By "Mr Mahdi"
Subject: The Paralysing Sting of the PLO
Date: Wednesday, October 18, 2000 11:07 AM

In the turbulent history of the Ummah this century, perhaps no struggle has captivated the Ummah's desire for liberation from colonialism as has the struggle against the occupation of Palestine. Outcast and betrayed by the neighbouring Arab states, the Palestinians turned to the PLO to lead their struggle. No leadership has been as beguiling and misleading as has that of the PLO. 

As Gamal Abdul Nasser come to the leadership of the Young officers regime in Egypt in 1952, he proceeded to seize the moral leadership of the Arab world and capture its sentiments. The Israeli occupation of Palestine, sanctioned by the United Nations, had led to the dispersion of the Muslims of Palestine throughout the surrounding region, in particular to Jordan Lebanon and Gaza in Egyptian held territory. Nasser's support amongst the Palestinians in particular was bolstered by the fact that he provided funding and a certain amount of training to the Palestinians in Gaza, which led the Palestinians to regard Nasser as an ally. The military raids launched against Israel, primarily from the refugee camps in Gaza targeting the Jewish settlers were never regarded by the Israelis as serious threats to the security of Israel, despite the fact that they were funded and armed by Egypt. The acquisition of Russian armaments by Nasser, however, did lead to alarm amongst the Israelis. Still in a state of War with Egypt, Israel realised it would have to pre-empt a conflict with Nasser's Egypt lest Egypt's military strength eclipse that which Israel could muster. Initially, Israel engaged in what came to be known as the Lavon affair in which a number of Egyptian Jews were recruited by the Israelis in order to begin a bombing campaign internally against Egypt. The plan was a failure, however, and the Egyptians arrested and punished the would be saboteurs. Despite this, the affect of the exposure of the affair was seized by the Israelis and tension between Egypt and Israel increased. In response to the plot, Nasser provided more assistance to the Palestinian commandos.
All this led to an increase in the Palestinian raids on the Israelis, culminating in a massive Israeli counter-raid on the Egyptian headquarters in Gaza. A further opportunity for Israel to escalate tensions arose when Nasser nationalised the Suez canal, creating the pretext for Israel to engage in a strike against Egypt. Acting with Britain and France, Israel attempted to deal a significant blow to Egypt's military, but the intervention of the US and the USSR, and the subsequent threats against Europe and Israel by the respective superpower forced Israel to back down. The difficulties experienced by Egypt during the Suez crisis contributed to a waning of support for the Palestinian cause. By this time, Nasser had opened a channel of communication with the Israelis through the respective delegates of Egypt and Israel to the United Nations to explore the possibility of a permanent peace settlement.

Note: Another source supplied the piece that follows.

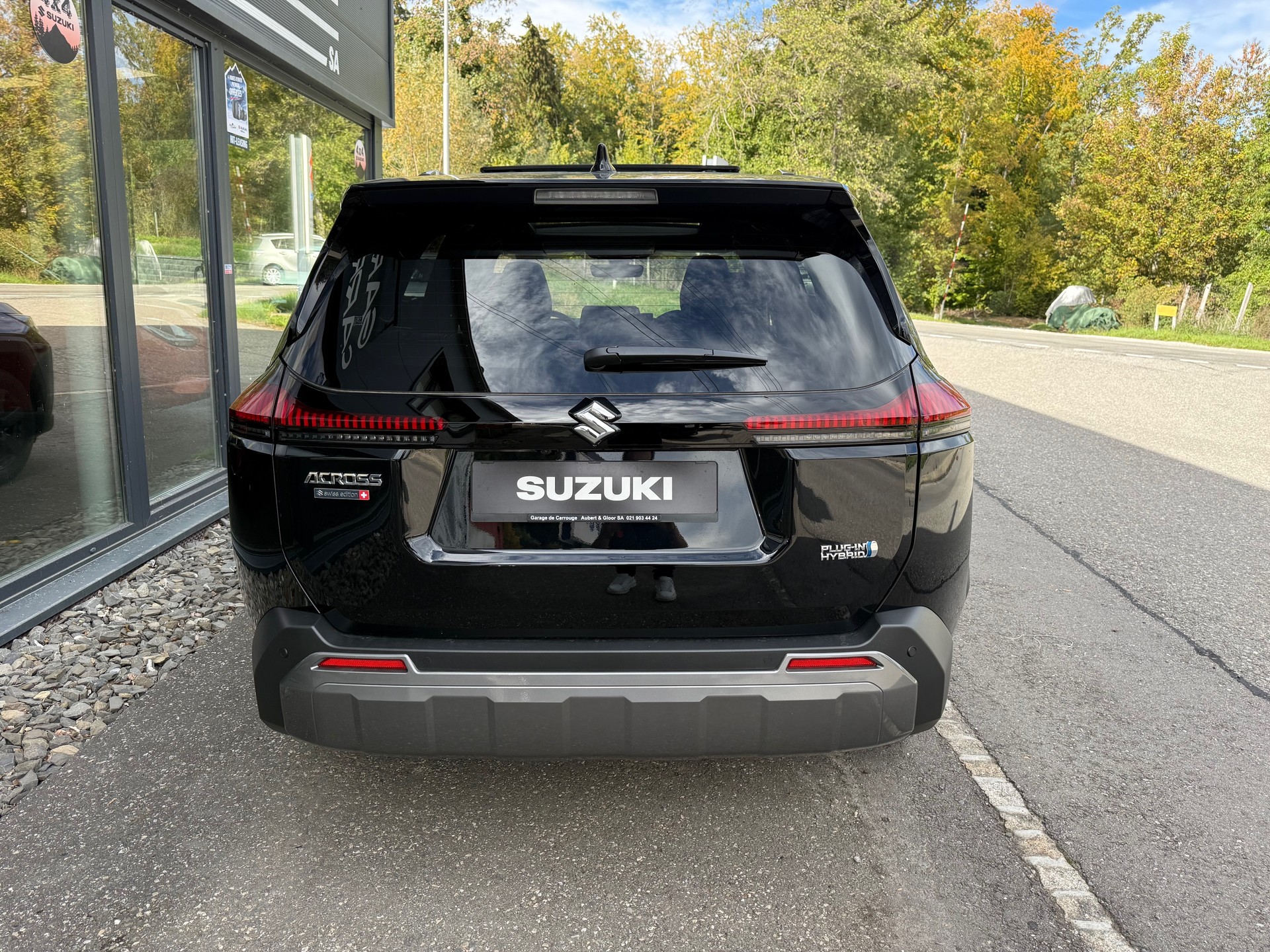 SUZUKI Across 2.5 Plug-in-Hybrid Compact Top E-CVT-image-4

It was under this air of frustration with a lack of progress in the Palestinian struggle, at a time when the Arab regimes had all but abandoned the Palestinian cause, that the movement for the  National Liberation of Palestine was formed in 1958. It used the acronym "HATF" , which was rearranged to "FATH" , meaning victory. Amongst the founders of FATH was Yasser Arafat, a graduate of the Cairo University working in Kuwait as an engineer. FATH carried out numerous raids against Israel directly, but soon realised that these raids were ineffective in achieving anything without the support of the armies from at least one of the major Arab countries. This led FATH to pursue a path of political dialogue with the other Arab countries.

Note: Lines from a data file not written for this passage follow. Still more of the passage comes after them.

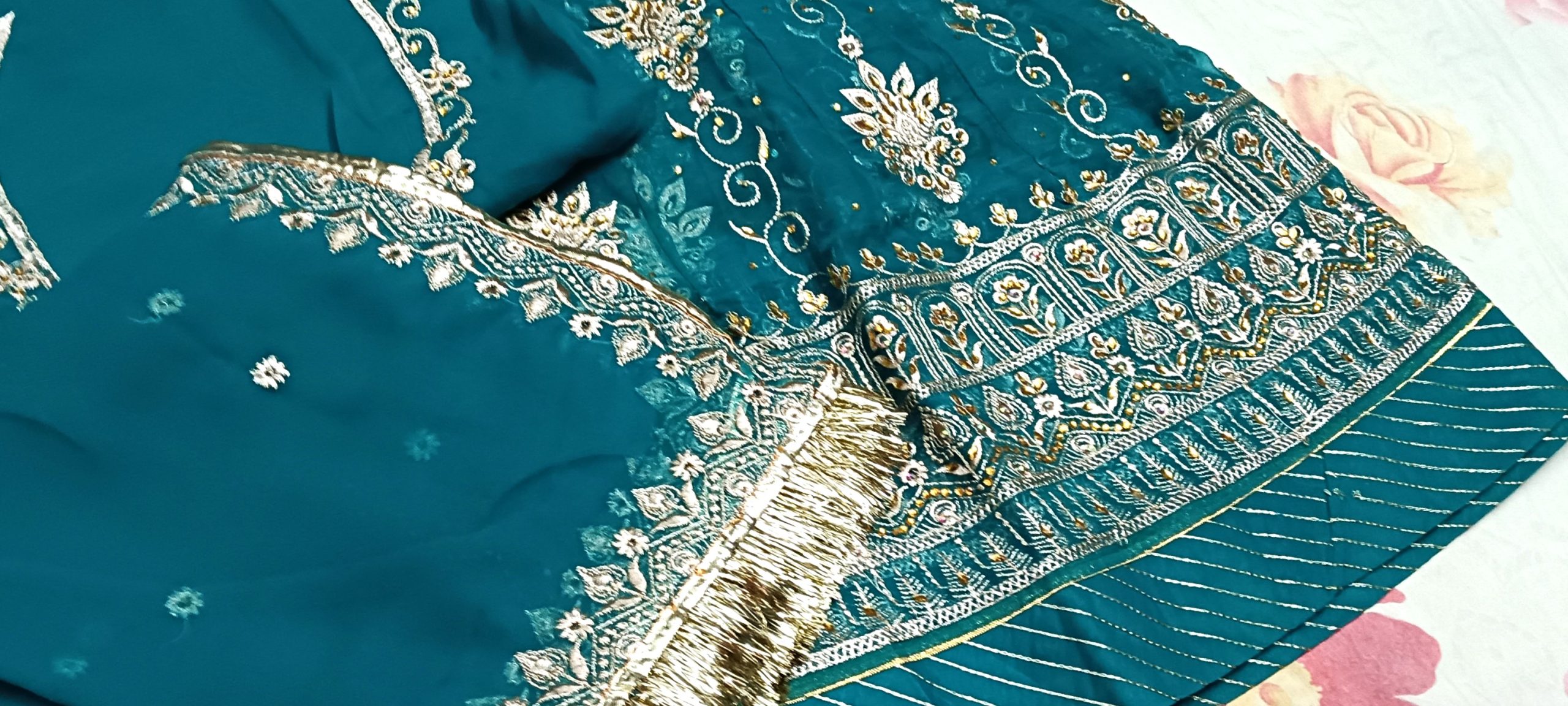 Rama Green Poshak with Odhna – Gota Patti & Zari Work (32 Kali) - Image 2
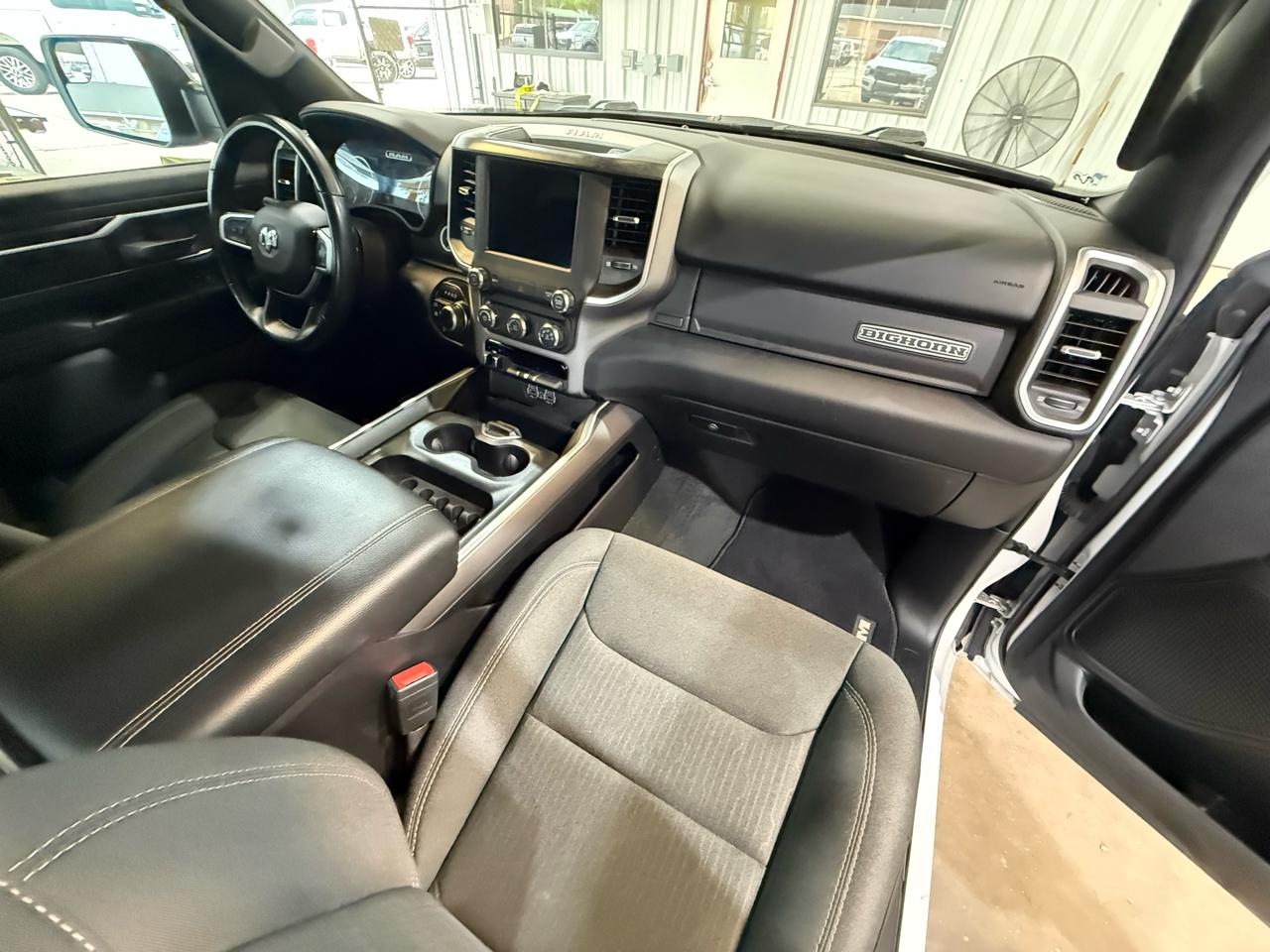 RAM 1500 Big Horn Crew Cab SWB 4WD 2022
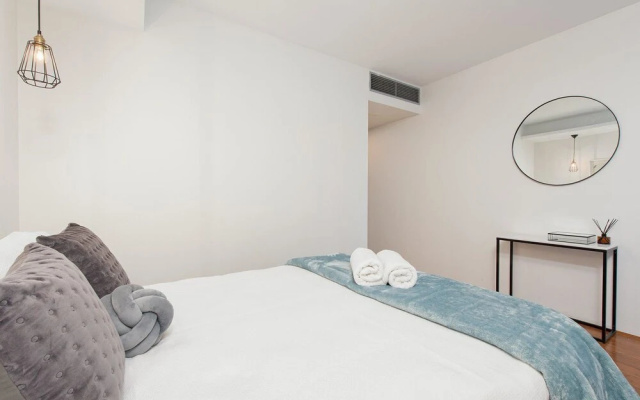 TT404 Spacious Studio Darlinghurst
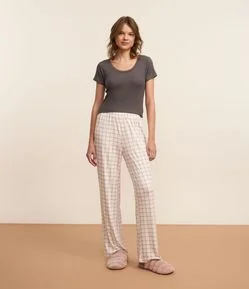 Pijama Longo com Blusa Canelada e Calça Xadrez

During the Cairo conference of 1964, the Arab League instructed its Palestinian representative Ahmed Shukeiri to form a Palestinian political body. Shukeiri then organised a meeting of the first Palestinian National Council, attended by 350 delegates who met in East Jerusalem. At this meeting, the delegates formed the Palestinian Liberation Organisation (agency), which was comprised of various groups including FATH. Ahmed Shukeiri became the chairman of the PLO but stepped down in favour of Yasser Arafat in 1969.

Why the PLO?

In order to understand the reasons for the establishment of the PLO, one must understand the situation surrounding its formation from an international perspective as well understanding the regional forces at play. The international powers wield influence in the region and try to shape its politics towards the favour of each. The primary player in this region is the US, which uses the UN and its agents in the region to achieve its goals. Britain and France also have interests and exert some influence in the region, but the scale of their influence has been on the decline since the Second World War. The US policy for the region has always been to create a two-state solution, one being the Jewish State of Israel and along side it the other, a Palestinian State. Jerusalem was to acquire a special status, controlled by an international body since its possession was so hotly contested. The United Nations served the role of the international body, and under American support the UN passed resolution 181 in 1947. This resolution calls for the partitioning of Palestine and the placing of Jerusalem under UN control. It also contains provisions for the right of Palestinians to be compensated for loss of property. However, after the establishment of the State of Israel, Israel started to assert itself and oppose US regional policy in the pursuit of its own interests. Yitzhak Shamir alluded to this point when he said, "Much as we want to co-ordinate our activities with the United States, the interests (of the United States and Israel) are not identical. We have to, from time to time, worry about our own interests". This political fact, coupled with the reality that Syria and Jordan were both under British influence at that time, led the US to pursue the formation of additional means through which it could realise its two state solution. It is on this basis that a body authorised to represent the Palestinian's, namely the PLO, was established during the 1964 Cairo conference.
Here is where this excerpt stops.